# Francisco Tarrega



## Saul_Dzorelashvili

Always admired this great composer.


----------



## tdc

A wonderful composer and virtually everyone in the classical guitar world owes him a debt of gratitude for transcribing Albeniz' piano works for guitar, as well as having a huge influence on modern technique and how the guitar is commonly performed. The forerunner to the great Segovia - Tarrega's works are still hugely relevant in the guitar repertoire. I'm currently working on his Capricho Arabe - a brillant piece, and possibly my favorite Tarrega composition.


----------



## ComposerOfAvantGarde

Did Nokia ever acknowledge using Tarrega's Gran Valse? I played it two years ago and whenever I went busking and played that piece people used to say "hey I recognise that....but I can't remember where I've heard it..."

:lol:


----------



## Haydninplainsight

A great composer who left a deep impression on classical guitar music. Caprichio Arabe is one of my all time favourite pieces for the instrument.


----------



## christomacin

"Francisco de Asís Tárrega y Eixea (21 November 1852 - 15 December 1909) was a Spanish composer and classical guitarist of the Romantic period.
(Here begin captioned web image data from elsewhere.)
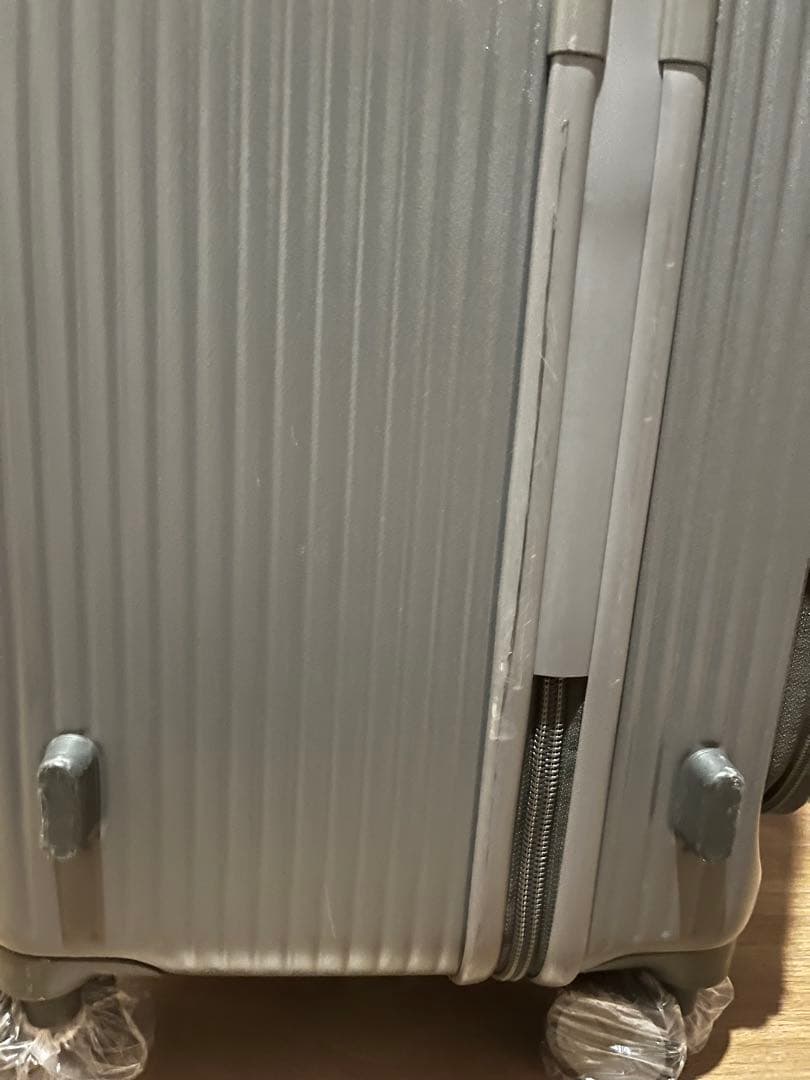 innovator スーツケース92L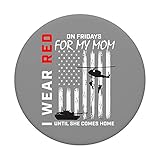 Zoom IMG-2 indosso rosso il venerd per Zoom IMG-2 indosso rosso il venerd per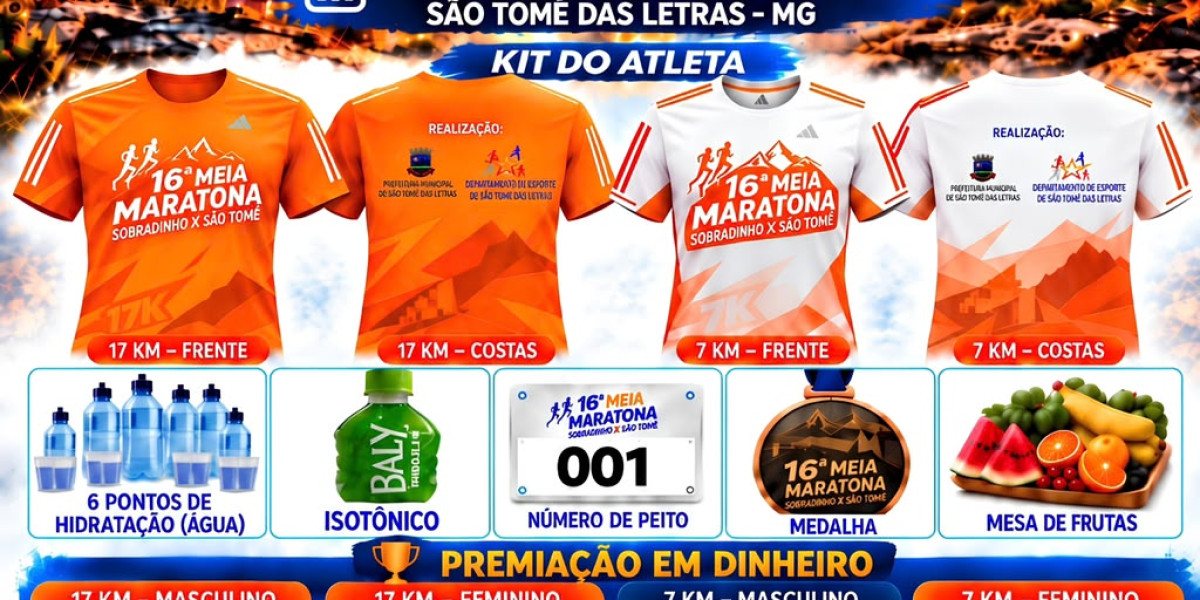 16a edição da Meia Maratona Sobradinho X São Thomé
He is known for such pieces as Recuerdos de la Alhambra. He is often called "the father of classical guitar" and is considered one of the greatest guitarists of all time, As a composer Tárrega was conservative, his style was similar to the general trends in the second half of the 19th century. A virtuoso on his instrument, he was known as the "Sarasate of the guitar".


----------